Records follow. Copy every line with "from".
───── Material for the task
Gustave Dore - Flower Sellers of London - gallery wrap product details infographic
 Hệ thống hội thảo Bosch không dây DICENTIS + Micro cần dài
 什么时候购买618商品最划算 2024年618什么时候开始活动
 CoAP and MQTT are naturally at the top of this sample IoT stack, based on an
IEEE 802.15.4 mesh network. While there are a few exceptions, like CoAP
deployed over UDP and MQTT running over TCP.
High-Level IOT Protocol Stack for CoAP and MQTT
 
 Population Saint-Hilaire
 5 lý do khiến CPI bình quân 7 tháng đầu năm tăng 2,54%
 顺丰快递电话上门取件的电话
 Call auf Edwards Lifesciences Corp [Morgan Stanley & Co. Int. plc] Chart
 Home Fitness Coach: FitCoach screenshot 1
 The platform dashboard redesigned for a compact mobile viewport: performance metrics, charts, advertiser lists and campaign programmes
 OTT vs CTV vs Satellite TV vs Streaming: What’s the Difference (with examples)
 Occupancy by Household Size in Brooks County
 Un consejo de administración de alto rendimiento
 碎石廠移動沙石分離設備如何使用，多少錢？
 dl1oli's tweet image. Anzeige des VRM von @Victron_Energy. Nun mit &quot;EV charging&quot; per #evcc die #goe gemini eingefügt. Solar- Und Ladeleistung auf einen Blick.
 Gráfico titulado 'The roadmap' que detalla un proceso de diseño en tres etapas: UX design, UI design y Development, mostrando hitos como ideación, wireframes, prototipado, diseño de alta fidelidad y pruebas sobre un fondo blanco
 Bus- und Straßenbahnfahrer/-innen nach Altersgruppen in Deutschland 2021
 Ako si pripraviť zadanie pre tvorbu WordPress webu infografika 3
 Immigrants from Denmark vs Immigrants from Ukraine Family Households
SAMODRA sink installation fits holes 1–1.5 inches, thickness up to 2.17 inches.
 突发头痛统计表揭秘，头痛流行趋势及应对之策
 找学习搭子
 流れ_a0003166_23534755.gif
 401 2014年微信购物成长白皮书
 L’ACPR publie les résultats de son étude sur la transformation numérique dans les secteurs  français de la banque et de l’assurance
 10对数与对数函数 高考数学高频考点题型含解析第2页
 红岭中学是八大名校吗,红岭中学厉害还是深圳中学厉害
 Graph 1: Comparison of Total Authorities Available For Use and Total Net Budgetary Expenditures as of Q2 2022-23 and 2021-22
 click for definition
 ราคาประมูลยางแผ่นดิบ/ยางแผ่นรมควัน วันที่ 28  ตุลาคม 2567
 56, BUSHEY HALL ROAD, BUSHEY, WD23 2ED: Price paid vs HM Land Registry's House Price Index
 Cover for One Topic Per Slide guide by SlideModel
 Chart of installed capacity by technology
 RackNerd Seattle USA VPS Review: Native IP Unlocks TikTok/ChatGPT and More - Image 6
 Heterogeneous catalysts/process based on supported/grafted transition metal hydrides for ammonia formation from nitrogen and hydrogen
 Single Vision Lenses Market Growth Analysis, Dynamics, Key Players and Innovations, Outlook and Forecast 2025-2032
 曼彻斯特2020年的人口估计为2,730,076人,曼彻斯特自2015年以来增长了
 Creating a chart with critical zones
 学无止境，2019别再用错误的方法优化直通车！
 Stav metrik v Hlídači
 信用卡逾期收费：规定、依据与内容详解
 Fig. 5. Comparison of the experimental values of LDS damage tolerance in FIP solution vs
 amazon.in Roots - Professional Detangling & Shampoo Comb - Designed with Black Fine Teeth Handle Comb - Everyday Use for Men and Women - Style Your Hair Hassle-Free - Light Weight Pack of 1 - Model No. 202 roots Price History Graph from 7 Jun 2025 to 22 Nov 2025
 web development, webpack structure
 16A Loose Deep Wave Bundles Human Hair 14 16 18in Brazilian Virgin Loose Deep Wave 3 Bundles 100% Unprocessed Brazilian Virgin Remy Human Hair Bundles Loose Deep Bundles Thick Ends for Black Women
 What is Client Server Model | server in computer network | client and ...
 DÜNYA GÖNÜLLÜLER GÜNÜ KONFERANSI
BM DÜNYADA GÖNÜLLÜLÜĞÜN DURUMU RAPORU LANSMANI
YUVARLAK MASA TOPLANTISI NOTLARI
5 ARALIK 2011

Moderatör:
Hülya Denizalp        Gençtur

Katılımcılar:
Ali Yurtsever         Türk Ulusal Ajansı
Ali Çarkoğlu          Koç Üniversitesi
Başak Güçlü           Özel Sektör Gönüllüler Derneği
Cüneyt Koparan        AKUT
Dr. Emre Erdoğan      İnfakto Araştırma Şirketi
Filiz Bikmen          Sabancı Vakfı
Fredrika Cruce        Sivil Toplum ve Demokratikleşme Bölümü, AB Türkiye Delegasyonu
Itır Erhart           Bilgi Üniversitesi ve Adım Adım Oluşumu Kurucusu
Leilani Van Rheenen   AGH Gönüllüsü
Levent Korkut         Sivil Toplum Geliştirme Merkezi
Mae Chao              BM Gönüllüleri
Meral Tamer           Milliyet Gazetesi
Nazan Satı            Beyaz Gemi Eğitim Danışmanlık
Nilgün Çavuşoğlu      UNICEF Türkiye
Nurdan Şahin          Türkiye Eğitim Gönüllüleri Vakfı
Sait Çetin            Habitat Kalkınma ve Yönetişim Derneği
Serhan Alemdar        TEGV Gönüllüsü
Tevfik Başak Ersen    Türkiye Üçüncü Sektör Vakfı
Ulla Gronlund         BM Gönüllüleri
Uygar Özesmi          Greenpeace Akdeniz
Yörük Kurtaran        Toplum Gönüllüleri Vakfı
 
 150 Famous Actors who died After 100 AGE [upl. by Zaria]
──────────
__Finished task__
 Immigrants from Denmark vs Immigrants from Ukraine Family Households
 Heterogeneous catalysts/process based on supported/grafted transition metal hydrides for ammonia formation from nitrogen and hydrogen
 amazon.in Roots - Professional Detangling & Shampoo Comb - Designed with Black Fine Teeth Handle Comb - Everyday Use for Men and Women - Style Your Hair Hassle-Free - Light Weight Pack of 1 - Model No. 202 roots Price History Graph from 7 Jun 2025 to 22 Nov 2025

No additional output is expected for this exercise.